INFORMATION PROVIDED:
<<<<
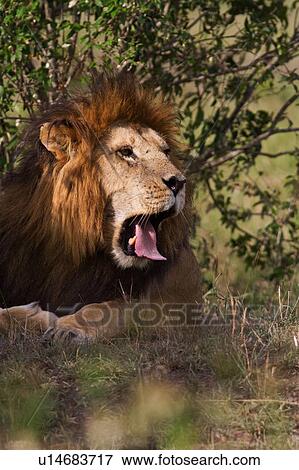Stock Photo - Magnificent adult lion lying near undergrowth, yawning, close up front view, Masai Mara, Kenya, East Africa. Fotosearch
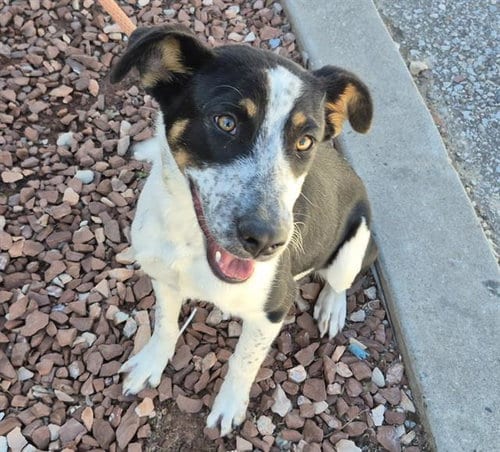 Photo of Baylee, adoptable Australian Cattle Dog/Blue Heeler in Albuquerque, New Mexico
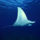 Mindenfele_allatok_26_373443_60629_t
>>>>
ACTIVITY: Print all the lines above again exactly, without any pictures.

COMPLETED TASK:
Stock Photo - Magnificent adult lion lying near undergrowth, yawning, close up front view, Masai Mara, Kenya, East Africa. Fotosearch
 Photo of Baylee, adoptable Australian Cattle Dog/Blue Heeler in Albuquerque, New Mexico
 Mindenfele_allatok_26_373443_60629_t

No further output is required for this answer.